13 Jun 2021

Documents reveal horrors mistreated New Zealand war prisoners endured

8:22 pm on 13 June 2021

Documents that have been declassified by the Ministry of Foreign Affairs and Trade have revealed the sordid actions of enemy soldiers committing war crimes during World War II.

A group of repatriated New Zealand prisoners of war unloading their few belongings from a truck at Maadi Camp, Egypt, during World War II. These NZ POWs made their own way from Italian POW camps to connect with the British forces in southern Italy.

Repatriated New Zealand POWs unloading their few belongings from a truck at Maadi Camp, Egypt, during World War II. These NZ POWs made their own way from Italian POW camps to connect with the British forces in southern Italy. Photo: Bull, George Robert, 1910-1996. Dept of Internal Affairs. War History Branch:Photos relating to WW 1914-1918, WW 1939-1945. Ref: DA-03211-F. Alexander Turnbull Library, Wellington, NZ./records/22732448

Thousands of documents detail the war crimes committed against New Zealand soldiers, including murder and torture by German, Italian and Japanese forces throughout Europe, Africa, the Middle East, Asia and the Pacific.

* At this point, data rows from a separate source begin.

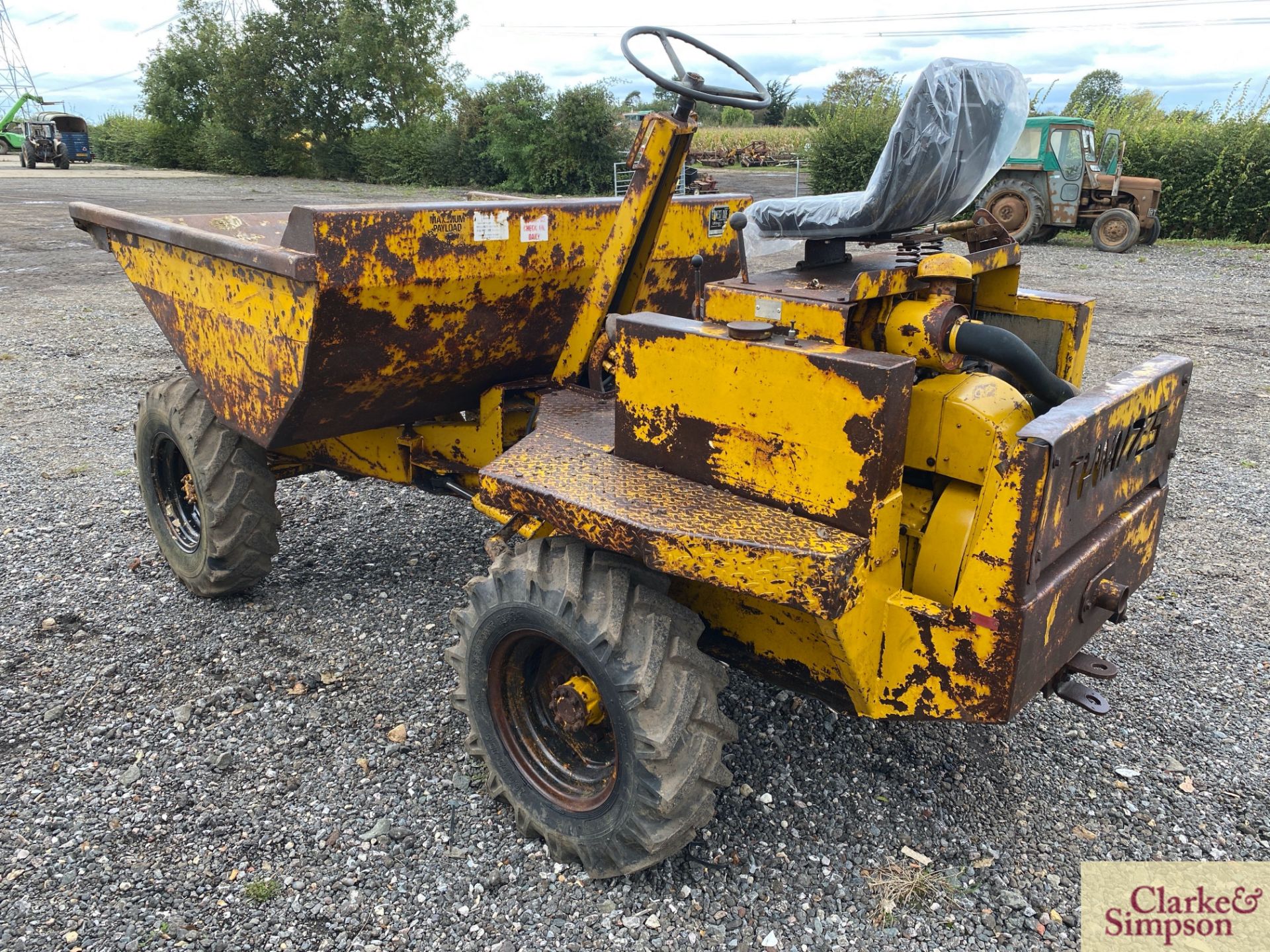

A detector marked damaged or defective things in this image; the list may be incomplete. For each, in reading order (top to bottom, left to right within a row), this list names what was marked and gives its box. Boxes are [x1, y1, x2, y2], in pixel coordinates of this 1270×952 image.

rusted wheel rim [995, 190, 1032, 231]
rusted wheel rim [1095, 217, 1127, 246]
rusty metal body [77, 102, 1191, 719]
rusted wheel rim [150, 431, 200, 550]
rusted wheel rim [487, 632, 619, 809]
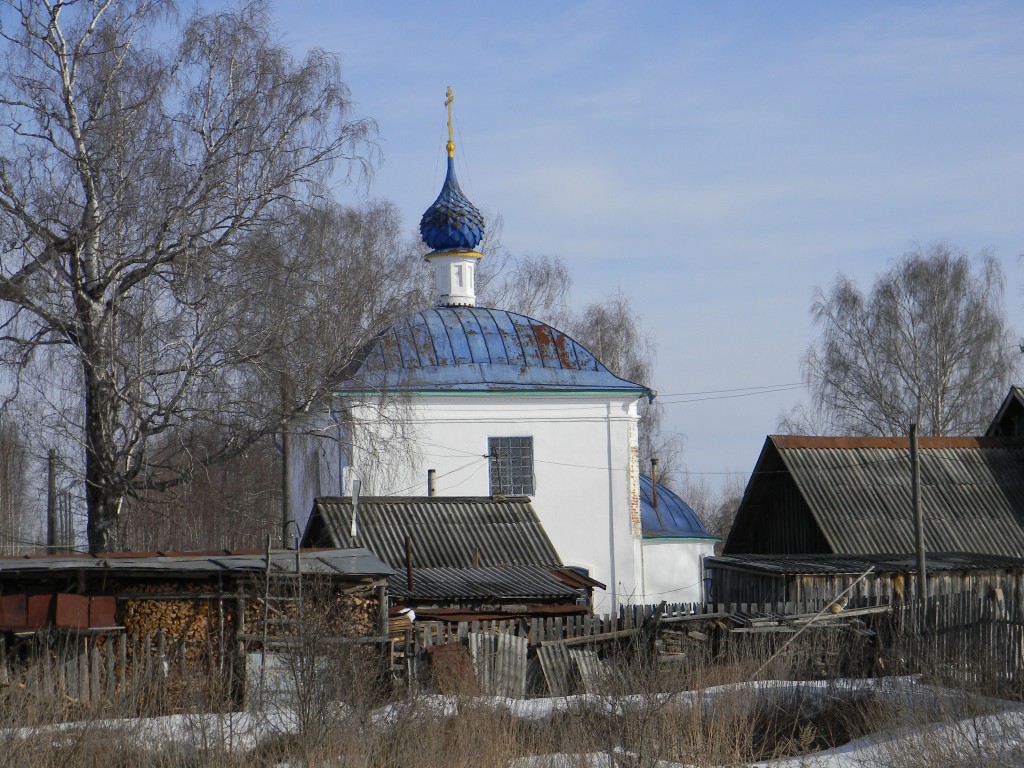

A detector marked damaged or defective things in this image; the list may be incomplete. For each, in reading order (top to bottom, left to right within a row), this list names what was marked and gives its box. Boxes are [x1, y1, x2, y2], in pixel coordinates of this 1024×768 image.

rusty roof [299, 499, 565, 573]
rusty roof [757, 436, 1024, 557]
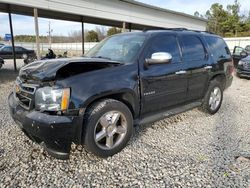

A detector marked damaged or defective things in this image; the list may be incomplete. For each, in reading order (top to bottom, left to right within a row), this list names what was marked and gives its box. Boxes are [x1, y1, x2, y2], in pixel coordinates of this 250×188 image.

dented hood [19, 56, 121, 81]
damaged front bumper [7, 92, 83, 159]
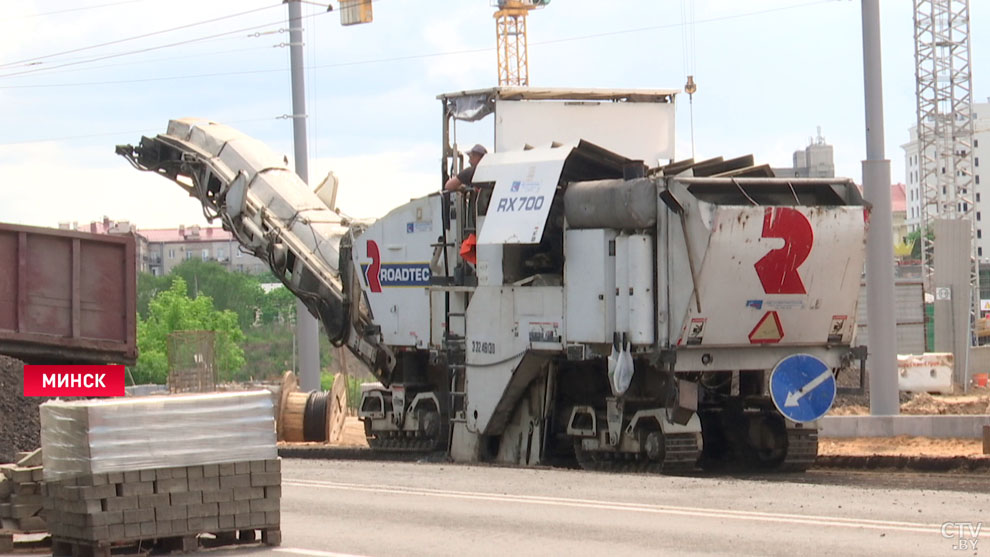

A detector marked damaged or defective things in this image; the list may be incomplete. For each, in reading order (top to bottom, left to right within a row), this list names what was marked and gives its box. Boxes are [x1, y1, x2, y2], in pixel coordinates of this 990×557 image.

rusty metal container [0, 222, 137, 364]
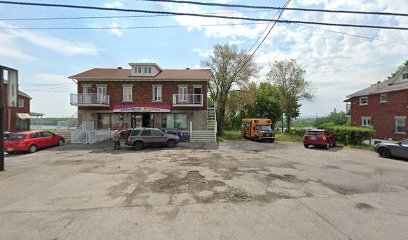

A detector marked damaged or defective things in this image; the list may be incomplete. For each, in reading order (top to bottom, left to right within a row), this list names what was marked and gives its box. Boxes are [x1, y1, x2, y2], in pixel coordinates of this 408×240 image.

cracked pavement [0, 141, 408, 240]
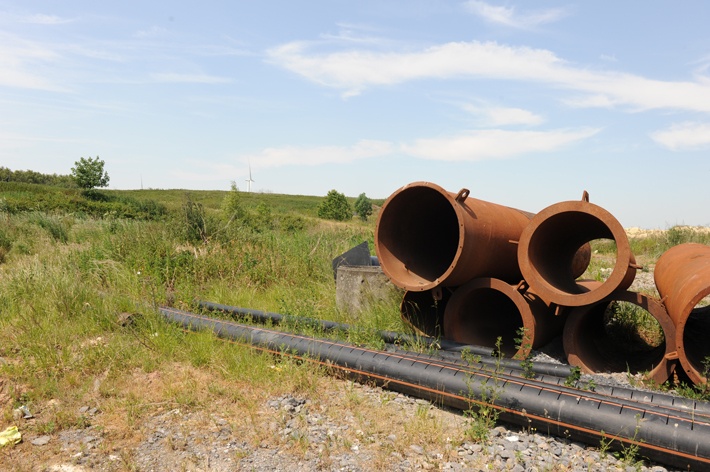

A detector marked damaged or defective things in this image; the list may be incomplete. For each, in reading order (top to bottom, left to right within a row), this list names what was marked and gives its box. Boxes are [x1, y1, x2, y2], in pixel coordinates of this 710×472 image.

rusty steel pipe [376, 182, 536, 290]
corroded metal pipe [378, 182, 536, 290]
rusty steel pipe [516, 191, 640, 306]
corroded metal pipe [516, 191, 640, 306]
rusty steel pipe [442, 276, 564, 358]
corroded metal pipe [442, 276, 564, 358]
rusty steel pipe [560, 290, 680, 386]
corroded metal pipe [564, 290, 676, 386]
rusty steel pipe [660, 243, 710, 384]
corroded metal pipe [660, 243, 710, 384]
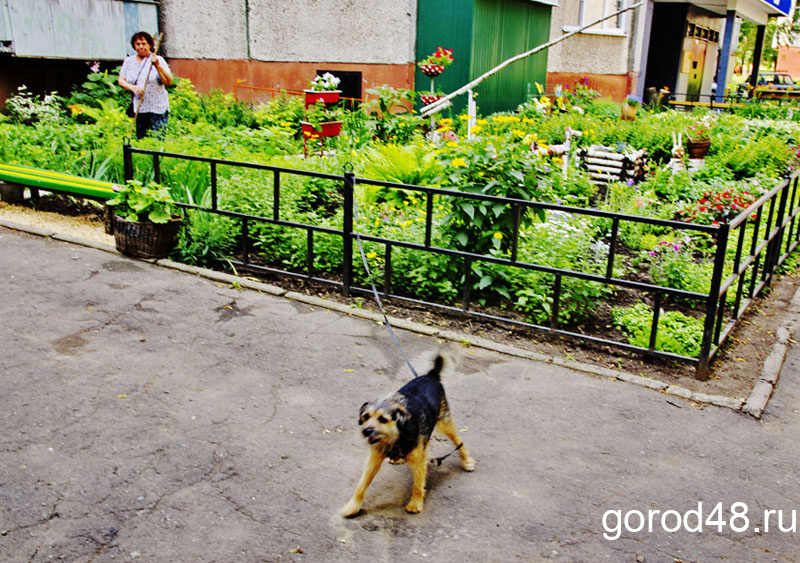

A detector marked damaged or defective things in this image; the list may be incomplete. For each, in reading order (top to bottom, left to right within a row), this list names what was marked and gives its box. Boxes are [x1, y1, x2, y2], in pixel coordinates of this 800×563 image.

cracked asphalt [0, 227, 796, 560]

The documents are part of a release of 380 previously classified files held by the ministry, spanning the last 100 years.

They include files detailing David Lange's speech to the UN disarmament conference in 1985, documents regarding French nuclear testing in the Pacific, the Vietnam War, and condolence letters after the Erebus disaster.

There are three files detailing war crimes committed against New Zealand soldiers during World War II, dated from 1942 until 1946.

In one document, it details the murder of Private Alfred Peterson in December 1943 while a prisoner of war in Khulengraben, Austria.

"A New Zealander, Private Alfred Peterson, was a prisoner of war working in December 1943 on road making with a punishment column at Khulengraben attached to Stalag XVIII-A," the document reads.

"A dispute arose between his and the German civilian foreman with respect to the work. The foreman reported the matter to the first accused [Pfisterer], who summoned a guard, namely, the second accused [Martin Schutz].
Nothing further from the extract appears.